(Items from a dataset)
════════════════
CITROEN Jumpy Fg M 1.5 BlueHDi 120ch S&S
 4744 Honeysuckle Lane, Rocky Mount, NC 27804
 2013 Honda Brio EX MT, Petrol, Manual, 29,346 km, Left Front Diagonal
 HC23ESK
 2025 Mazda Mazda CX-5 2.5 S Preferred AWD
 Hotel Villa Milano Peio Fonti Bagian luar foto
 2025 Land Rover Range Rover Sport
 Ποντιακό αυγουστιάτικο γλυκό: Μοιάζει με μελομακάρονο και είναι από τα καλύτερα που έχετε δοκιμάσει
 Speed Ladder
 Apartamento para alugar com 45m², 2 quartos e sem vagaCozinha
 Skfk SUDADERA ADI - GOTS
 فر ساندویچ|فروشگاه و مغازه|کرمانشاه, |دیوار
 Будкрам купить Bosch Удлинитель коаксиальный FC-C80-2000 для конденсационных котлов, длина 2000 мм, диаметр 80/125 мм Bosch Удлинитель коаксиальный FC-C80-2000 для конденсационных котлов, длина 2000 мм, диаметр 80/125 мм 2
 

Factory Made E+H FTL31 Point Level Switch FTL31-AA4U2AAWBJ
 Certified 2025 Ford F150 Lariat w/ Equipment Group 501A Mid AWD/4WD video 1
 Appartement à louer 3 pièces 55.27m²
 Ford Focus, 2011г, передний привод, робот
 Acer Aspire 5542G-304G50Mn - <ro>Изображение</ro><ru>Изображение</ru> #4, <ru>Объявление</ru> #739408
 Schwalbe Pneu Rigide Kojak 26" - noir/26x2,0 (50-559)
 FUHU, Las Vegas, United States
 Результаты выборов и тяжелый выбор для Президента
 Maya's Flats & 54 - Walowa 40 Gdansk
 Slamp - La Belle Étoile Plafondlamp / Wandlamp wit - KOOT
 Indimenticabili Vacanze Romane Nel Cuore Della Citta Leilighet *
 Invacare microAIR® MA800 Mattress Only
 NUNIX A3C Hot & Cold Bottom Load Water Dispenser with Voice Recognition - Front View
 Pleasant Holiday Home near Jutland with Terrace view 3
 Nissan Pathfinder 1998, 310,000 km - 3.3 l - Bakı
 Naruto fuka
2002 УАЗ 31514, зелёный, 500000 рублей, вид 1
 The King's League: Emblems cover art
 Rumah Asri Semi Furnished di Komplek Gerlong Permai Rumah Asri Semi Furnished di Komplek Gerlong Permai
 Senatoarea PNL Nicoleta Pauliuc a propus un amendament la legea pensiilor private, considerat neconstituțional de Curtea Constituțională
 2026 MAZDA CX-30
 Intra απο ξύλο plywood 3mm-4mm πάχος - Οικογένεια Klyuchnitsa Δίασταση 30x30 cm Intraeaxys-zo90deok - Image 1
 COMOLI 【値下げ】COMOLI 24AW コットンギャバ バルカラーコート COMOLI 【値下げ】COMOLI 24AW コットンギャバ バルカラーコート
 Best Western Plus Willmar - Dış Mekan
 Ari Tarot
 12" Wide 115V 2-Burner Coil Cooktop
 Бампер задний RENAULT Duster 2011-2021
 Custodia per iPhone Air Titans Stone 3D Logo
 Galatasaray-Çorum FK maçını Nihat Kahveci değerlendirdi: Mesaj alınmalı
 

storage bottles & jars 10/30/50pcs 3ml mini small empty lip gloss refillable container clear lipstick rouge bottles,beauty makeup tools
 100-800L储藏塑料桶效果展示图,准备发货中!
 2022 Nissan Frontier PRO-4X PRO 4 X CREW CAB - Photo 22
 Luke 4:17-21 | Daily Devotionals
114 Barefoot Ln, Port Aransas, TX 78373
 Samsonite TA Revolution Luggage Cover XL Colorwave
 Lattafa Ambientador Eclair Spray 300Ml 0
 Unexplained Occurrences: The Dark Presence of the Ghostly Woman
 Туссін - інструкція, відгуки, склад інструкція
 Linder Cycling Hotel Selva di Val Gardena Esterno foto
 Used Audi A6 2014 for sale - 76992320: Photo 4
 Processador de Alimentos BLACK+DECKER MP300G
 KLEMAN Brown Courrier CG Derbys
════════════════
# What you should do
Find and copy every line in the entries above where the string "with" occurs.

# Exercise response
 NUNIX A3C Hot & Cold Bottom Load Water Dispenser with Voice Recognition - Front View
 Pleasant Holiday Home near Jutland with Terrace view 3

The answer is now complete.